我就是覺得那些變異人和他們身後的人的腦子有問題,他們想讓我‘出獄’為什麼不乾脆來劫獄,這樣是不是效率更高一點?
還是這些人都是土鱉,連監獄的位置都找不到?」
斯塔克是真的沒有拿那些變異人當一回事兒,他攤著手笑著說道:「監獄島的位置對於外界來說確實是保密的。
當然沒有刻意的保密,但是想要知道這裡的位置必須是變異人法庭或者地獄廚房的人……
一幫靠搶銀行起家的腦殘變異人哪裡能從這幾個地方打聽到訊息?」
說著斯塔克意味深長的看了一眼阿爾文,笑著說道:「我一般認為遇事只考慮‘動手’的傢伙都是沒腦子的傻瓜……」
阿爾文被諷刺了兩句有點生氣的對著斯塔克豎起了中指,然後跳到橡皮艇上幫助小金妮穩住了不停轉圈的小船,然後看著已經靠到碼頭上的戰列艦,笑著叫道:「我們出發,把晚餐給我弄回來……」
他沒有著急出去幫助喬治局長解決問題,他也解決不了什麼問題。
那幫變異人暫時只提出來讓他「出獄」的條件,在他們的幕後主使沒有出現的時候,阿爾文出去只會給喬治局長製造麻煩,同時自己的妥協會給以後帶來數不清的麻煩。
而且說不定還有一些不明真相的外地的媒體,會把自己打上那幫變異人「同夥」的標籤……
當然,紐約沒人會相信阿爾文跟那些人是一夥兒的,紐約人對於阿爾文是不是要坐牢到現在還有爭議。
而且沒人覺得曼哈頓戰斧需要被拯救,他想從監獄出來又有誰能攔得住?
這些外來的變異人不知道自己從提出條件的第一瞬間就被紐約人打上了「土鱉」的標籤,因為他們甚至搞不清楚阿爾文坐牢到底是因為什麼?

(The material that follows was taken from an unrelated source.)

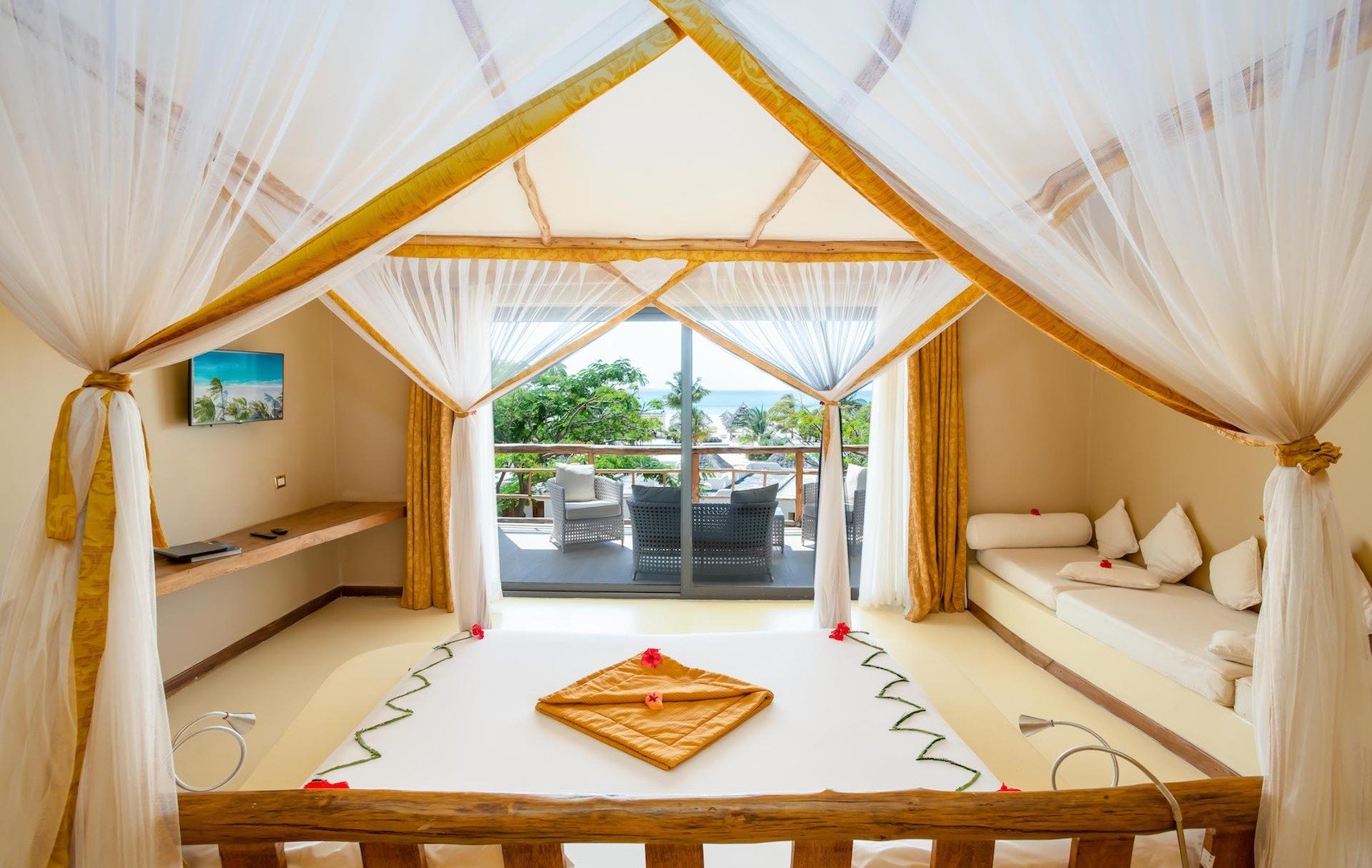 Gold Zanzibar – fotka 11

反而喬治局長對於這些變異人的「保護性」做法讓很多人不理解,也是他被攻擊的主要原因。
就在阿爾文帶著小金妮努力向戰列艦靠近的時候,他的電話響了。
看到是傑西卡打來的電話,阿爾文笑著接通了之後說道:「怎麼了?是不是跟上氣吵架了?
記得下手輕一點,留他一條小命等我出獄了在去揍他!」
電話那頭的傑西卡「噗嗤」一聲笑了出來,然後四周傳來了一陣鬨笑,還有上氣不滿的叫聲,「不準笑,再笑老子就揍你們……」
傑西卡顯然對於阿爾文的「關心」非常的受用,她笑著說道:「我會記得的……
阿爾文,吉賽爾帶著索爾的前女友在我們的餐廳,她們說梅西百貨的事情可能和一個叫羅蕾萊的女人有關……
…………」
阿爾文一邊努力的幫助小金妮調整著橡皮艇的前進方向,一邊聽著電話裡傳來的離奇「故事」或者說「事故」……
阿斯加德的遠征造成了後方的動盪,魅惑女神從監獄裡逃出來通過一條秘密通道到達了地球。
這些不算重要,重要的是根據餐廳‘智庫’們對於這個所謂的魅惑女神進行的分析,他們基本上判斷出這個女人想要幹什麼了……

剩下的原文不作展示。